No matter how skilled or how experienced the student, at some point on the SAT or ACT, they’ll find it necessary to take a guess. Or two. Or ten.

Guessing is part of any good test-taking strategy. Knowing the ins and outs of guessing on the SAT/ACT can make a big difference in the final outcome of a test.

Be sure to actually guess!

One of the biggest mistakes I see students make, especially early in their test prep journey, is leaving answers blank if they aren’t sure or if they run out of time. Unlike the SAT of days gone by, the current SAT and ACT do not penalize students for guessing. As a result, students should always put an answer down, even when they have no idea what it might be. Leaving answers blank is leaving points on the table!

Even on the SAT Math grid-ins!

Students tend to give a funny look when I encourage them to guess on the fill-in-the-blank math questions on the SAT.

Their look says, “It would be like… impossible to get those right, right?”

My response is that, at least if they guess something, they have a chance. Even if it’s a small chance, it’s still more than if they left it blank. Some chance is always better than no chance! And many of the grid-in answers on the non-calculator section tend to be single-digit integers (0-9). So that makes the chances a little better if you stick to something in that neighborhood.

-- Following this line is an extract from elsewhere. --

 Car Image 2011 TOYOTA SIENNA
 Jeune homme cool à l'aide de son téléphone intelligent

Multiple choice straightlining

Another guessing strategy I pass along to test takers is to guess in a straight line. So if a student is running out of time, fill in the remaining answers with A, B, C, or D (or E, if on the ACT math section). In terms of probability, you always have a 1 out of 4 chance to hit the right answer. But because the test answers tend to hit every letter at some point, your chances of at least getting some correct tend to be higher if you guess in a straight line.

Especially on ACT Math

One of the quirky things I’ve noticed through teaching the ACT for years has been the tendencies of the end of the ACT math section. After doing some anecdotal research, I started coaching students to guess the outside lines (A/F or E/K)–or anything but the very middle line (C/H)–if they ran out of time at the end of the math section. When I looked through 20 or so ACTs, I found that the outside lines were good for roughly 1-2 more questions correct in that last 15 of the math test. One to two questions could make a point or two difference on the section.

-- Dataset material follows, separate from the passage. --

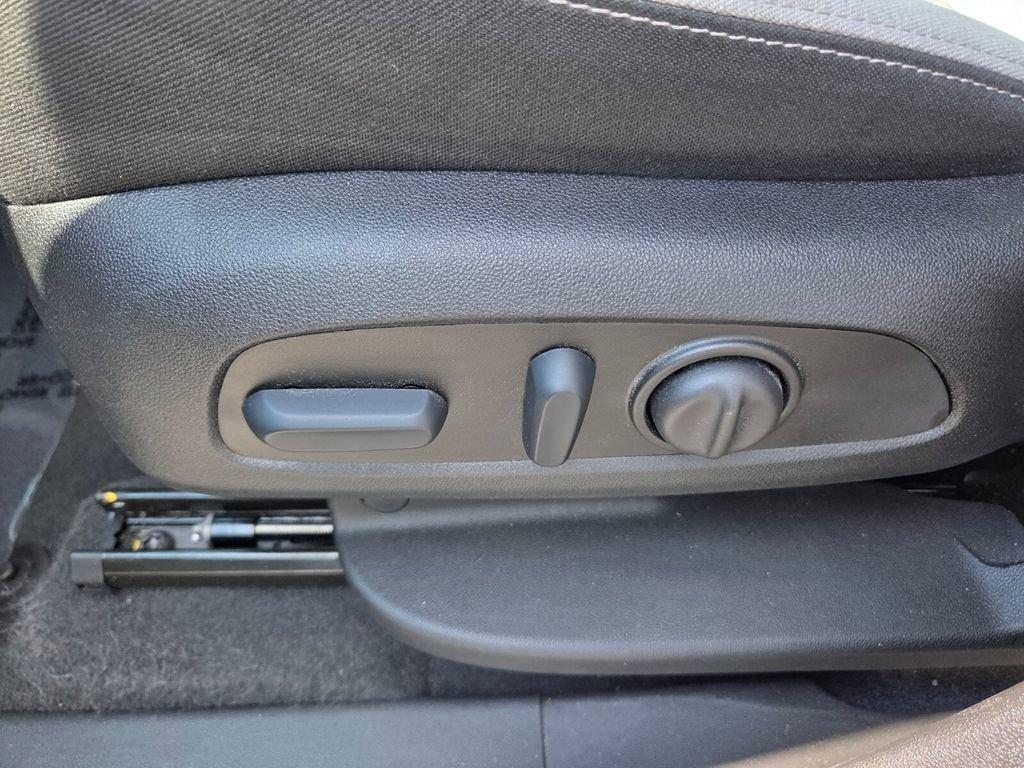 used 2023 Chevrolet Equinox car, priced at $22,488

Students are always curious as to why the answers tend to drift to the outsides. The answer is simple: psychology. What do most test takers guess on a multiple choice test? The old axiom is to guess C. Human nature compels us to stay away from extremes and guess toward the middle. It seems as though the makers of the ACT understand this and tend to push more answers to the outsides, making it less likely that students will guess well at the end.

Know the tendencies

Knowing the types of answers that the tests prioritize can be incredibly helpful if you need to do any guessing on the SAT/ACT. For example, in the English section of the ACT, clear and concise answers tend to be correct. When in doubt, go with the shortest selection. On the math section, CANNOT BE DETERMINED is a regular answer choice. However, this answer is very rarely correct, so it wouldn’t be wise to randomly guess it. Having some familiarity with the way the test operates can really be a game-changer, even when you have to guess.

Narrow down your options

Finally, one of the best strategies for guessing on the tests is to eliminate answers that can’t work. Does the answer have to be positive? Then eliminate the negatives. Are there verb forms that you know are incorrect? Get rid of those first. Then, if you’re left to make a guess, your odds are considerably higher. On most sections of the SAT and ACT, you have a 25% chance of guessing the correct answer. Eliminate one, and that percentage jumps to 33%. Eliminate two, and it soars to 50%. So the more you can eliminate, the better your chances.

Ideally, a student will know how to work through every question and problem on the test. But test taking isn’t often ideal, and even the best test takers will have to make a guess at some point during an exam. Using a little strategy for guessing on the SAT/ACT can make the difference between hitting a goal score and falling agonizingly short.